I recently watched the 1995 film version of Othello with Laurence Fishburne as Othello and Kenneth Branagh as Iago, which I liked. Branagh is such a genial actor that he made for a seductive Iago - the character must be a little charismatic, I think, to be given the repeated epithet “honest” by his colleagues. Anyway, what I liked about Branagh’s performance was his subtle indication that Iago loves or perhaps even wants to be the Moor. He suggests this during the pivotal scene in Act 3 Scene iii, when Iago swears he will commit himself to “wrong’d Othello’s service” by killing Cassio, and Othello replies: “now art thou my lieutenant”. The scene is staged as a kind of blood brotherhood ritual, in which they cut their hands and clasp them together. As they embrace, we see over Othello’s shoulder the first evidence of authentic emotion from Iago, whose eyes are filled with tears as he replies: “I am your own for ever”.
The tragedy is that, in the end, it’s not really a case of Iago becoming Othello’s “own”, but Othello being possessed by the “demi-devil” Iago. I found the references to Othello’s epilepsy curious and some Googling revealed that in the Medieval period it was thought that the ‘falling sickness’ was an indication of demonic possession (you will notice that Othello cries “O devil!” before falling into an epilepsy).
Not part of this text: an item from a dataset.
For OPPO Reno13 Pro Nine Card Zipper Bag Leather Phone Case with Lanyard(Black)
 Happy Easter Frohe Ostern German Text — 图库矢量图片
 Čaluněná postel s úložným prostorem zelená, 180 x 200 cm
The play closes with a horrible mirroring - both men murder their wives - but we hope that Othello won’t be judged as harshly by heaven because, like “the base Judean” (a reference to Herod who killed his beloved wife Mariamne out of jealousy) he was not in his right mind, whereas Iago knew what he was doing all along.
Much more disturbing was seeing Paul Scofield do blackface.
There be no line lass
No line at all between
Seducing and lying, no
Line at all, not or ever so
Much as that which might
Amount, should it exist, to
Being suggestion of a fine
Line: "I speak to conquer, and
having conquered let's to bed,
and wed early tomorrow so as to
be sure we can sup sorrow with it's
longest spoon henceforth and even
evermore as long as we both may live
and breathe. That's all, save to say Amen!"